[EXERCISE DATA]

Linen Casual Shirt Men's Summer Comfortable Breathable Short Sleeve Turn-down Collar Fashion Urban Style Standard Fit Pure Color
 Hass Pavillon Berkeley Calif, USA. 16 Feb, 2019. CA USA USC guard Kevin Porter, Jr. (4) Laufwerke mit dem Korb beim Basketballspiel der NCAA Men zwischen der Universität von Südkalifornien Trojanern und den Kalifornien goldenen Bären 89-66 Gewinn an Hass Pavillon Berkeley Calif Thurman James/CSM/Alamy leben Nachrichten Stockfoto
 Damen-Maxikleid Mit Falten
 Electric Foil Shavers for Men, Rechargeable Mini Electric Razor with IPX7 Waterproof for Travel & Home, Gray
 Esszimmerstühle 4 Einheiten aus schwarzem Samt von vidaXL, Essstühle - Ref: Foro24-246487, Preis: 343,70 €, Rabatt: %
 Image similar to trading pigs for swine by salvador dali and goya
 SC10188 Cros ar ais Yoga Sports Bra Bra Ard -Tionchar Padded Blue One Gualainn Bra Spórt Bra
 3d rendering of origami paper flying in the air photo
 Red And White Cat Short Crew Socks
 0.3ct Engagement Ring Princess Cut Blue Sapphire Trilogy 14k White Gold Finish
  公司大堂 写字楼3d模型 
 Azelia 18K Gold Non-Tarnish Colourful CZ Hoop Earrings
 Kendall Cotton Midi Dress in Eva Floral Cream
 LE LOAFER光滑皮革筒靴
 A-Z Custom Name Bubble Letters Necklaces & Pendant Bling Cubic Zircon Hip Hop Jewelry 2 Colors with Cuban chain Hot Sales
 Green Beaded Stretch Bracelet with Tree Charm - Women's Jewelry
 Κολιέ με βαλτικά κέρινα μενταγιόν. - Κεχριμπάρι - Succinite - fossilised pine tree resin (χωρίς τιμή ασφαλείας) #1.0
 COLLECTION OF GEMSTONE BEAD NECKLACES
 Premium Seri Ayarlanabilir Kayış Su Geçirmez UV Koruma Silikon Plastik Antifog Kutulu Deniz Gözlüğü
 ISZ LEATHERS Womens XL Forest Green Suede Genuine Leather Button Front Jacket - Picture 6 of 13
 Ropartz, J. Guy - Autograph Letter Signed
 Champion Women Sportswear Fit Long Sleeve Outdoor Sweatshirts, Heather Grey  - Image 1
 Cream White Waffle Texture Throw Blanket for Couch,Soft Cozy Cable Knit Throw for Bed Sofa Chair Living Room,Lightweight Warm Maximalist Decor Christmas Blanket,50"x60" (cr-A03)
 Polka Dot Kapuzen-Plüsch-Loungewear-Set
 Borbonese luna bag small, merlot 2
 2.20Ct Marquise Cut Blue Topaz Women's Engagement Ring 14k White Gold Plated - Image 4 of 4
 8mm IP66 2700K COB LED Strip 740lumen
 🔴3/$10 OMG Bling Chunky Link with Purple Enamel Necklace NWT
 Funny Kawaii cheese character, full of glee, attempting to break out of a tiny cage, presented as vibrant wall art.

[/EXERCISE DATA]

◆ **REQUIRED ACTION**: Where the word "Jewelry" shows up in a line of the entries above, copy that line.

◆ **EXERCISE OUTPUT**:
 A-Z Custom Name Bubble Letters Necklaces & Pendant Bling Cubic Zircon Hip Hop Jewelry 2 Colors with Cuban chain Hot Sales
 Green Beaded Stretch Bracelet with Tree Charm - Women's Jewelry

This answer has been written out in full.